Archive for December 25th, 2019

Christmas surprise found under painting

Wednesday, December 25th, 2019

Conservators have discovered a nativity scene underneath a damaged 16th century painting depicting the beheading of Saint John the Baptist. The canvas on wood panel painting is in the collection of The Bowes Museum, originally acquired in the 19th century by museum founders John and Josephine Bowes. Bowes Museum curators have been working with conservators from Northumbria University to assess its condition and treat the deteriorating wood structure behind the painted canvas.

Art Conservator Nicky Grimaldi and forensic scientist Dr Michelle Carlin, are now examining the painting to determine its age, background and history.

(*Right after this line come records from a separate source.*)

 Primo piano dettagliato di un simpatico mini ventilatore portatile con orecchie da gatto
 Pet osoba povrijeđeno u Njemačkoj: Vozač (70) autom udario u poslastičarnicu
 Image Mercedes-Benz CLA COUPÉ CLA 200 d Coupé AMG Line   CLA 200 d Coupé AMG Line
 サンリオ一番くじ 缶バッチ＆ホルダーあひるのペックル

Nicky said: “It is clear that the painting is in a poor condition and has been for some time. The panel behind it is made up of several pieces of wood and where these join together there has been significant paint loss over the years.

“Our initial aim was to understand why this is occurring and recommend solutions to ensure the painting can be protected for years to come.

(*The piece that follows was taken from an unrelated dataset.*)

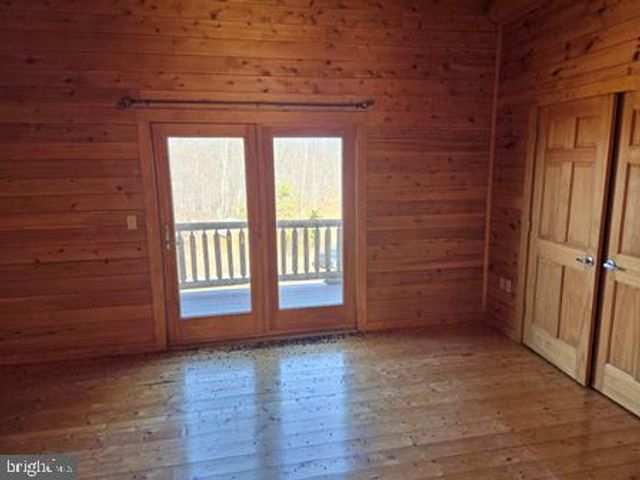 942 WILD BOAR RD, Augusta, WV 26704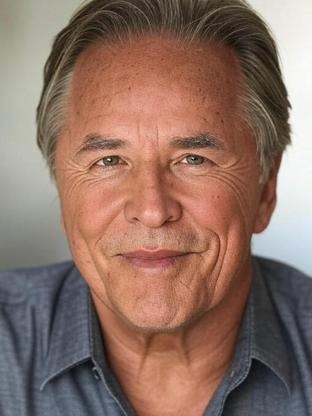 Person who looks like Roger Bart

“The first stage of most investigations of this kind is to carry out an x-ray to understand what is going on underneath the layer of paint we see on the surface. That was when we realised there was more to the painting than we originally thought.”

Clearly visible on the x-ray is the Christ child with a halo and rays beaming off his manger, angels, a haloed figure kneeling beside him with an outstretched hand who may be one of the Three Magi. Harder to discern are the outlines of other figures and what might be the stable in the background.

As Nicky explains: “It was common practice to apply gold leaf to these type of religious paintings and in the x-ray we can see that gold is present in the halo around the baby’s head.

“Incredibly we can see lines over the x-ray image which we believe to be preparatory drawings, showing where the painting was probably copied from an original drawing (cartoon).

“Those lines were subsequently filled with another paint layer such as lead white which allows them to be visible on the x-ray.”

The painting will be analyzed further by Northumbria experts. Samples of the paint will be tested for chemical composition and the latest technology from scanning electron microscopes to infrared reflectography will be deployed.